WHAT YOU HAVE TO DO
Reproduce the records below exactly, but only between the lines holding "a young woman and a longboard" and "Stylish living room", inclusive.

PROVIDED DATA
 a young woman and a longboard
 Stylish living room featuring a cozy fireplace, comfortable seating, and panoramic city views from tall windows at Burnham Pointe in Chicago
---
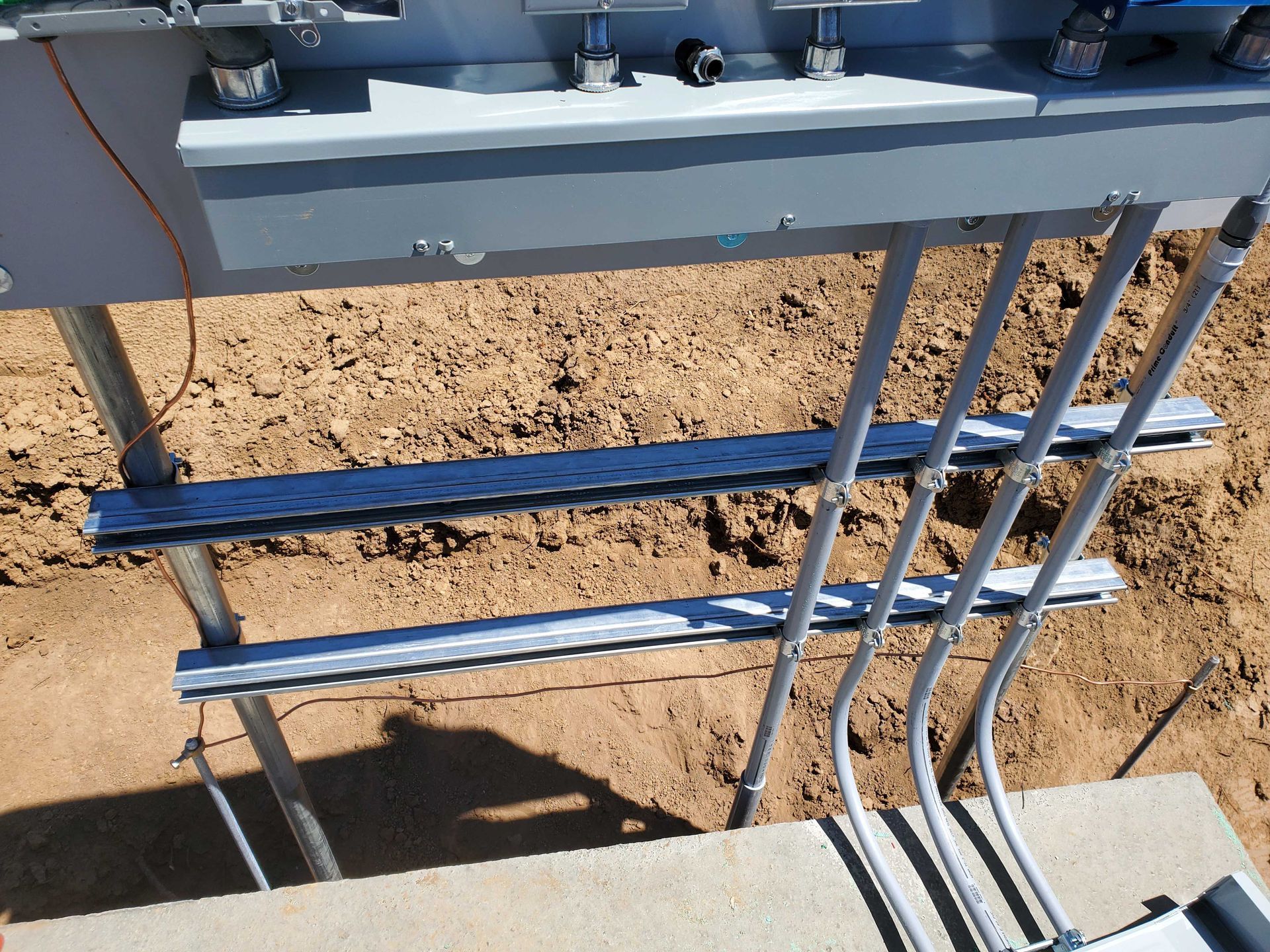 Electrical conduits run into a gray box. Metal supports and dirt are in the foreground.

WRITTEN ANSWER
 a young woman and a longboard
 Stylish living room featuring a cozy fireplace, comfortable seating, and panoramic city views from tall windows at Burnham Pointe in Chicago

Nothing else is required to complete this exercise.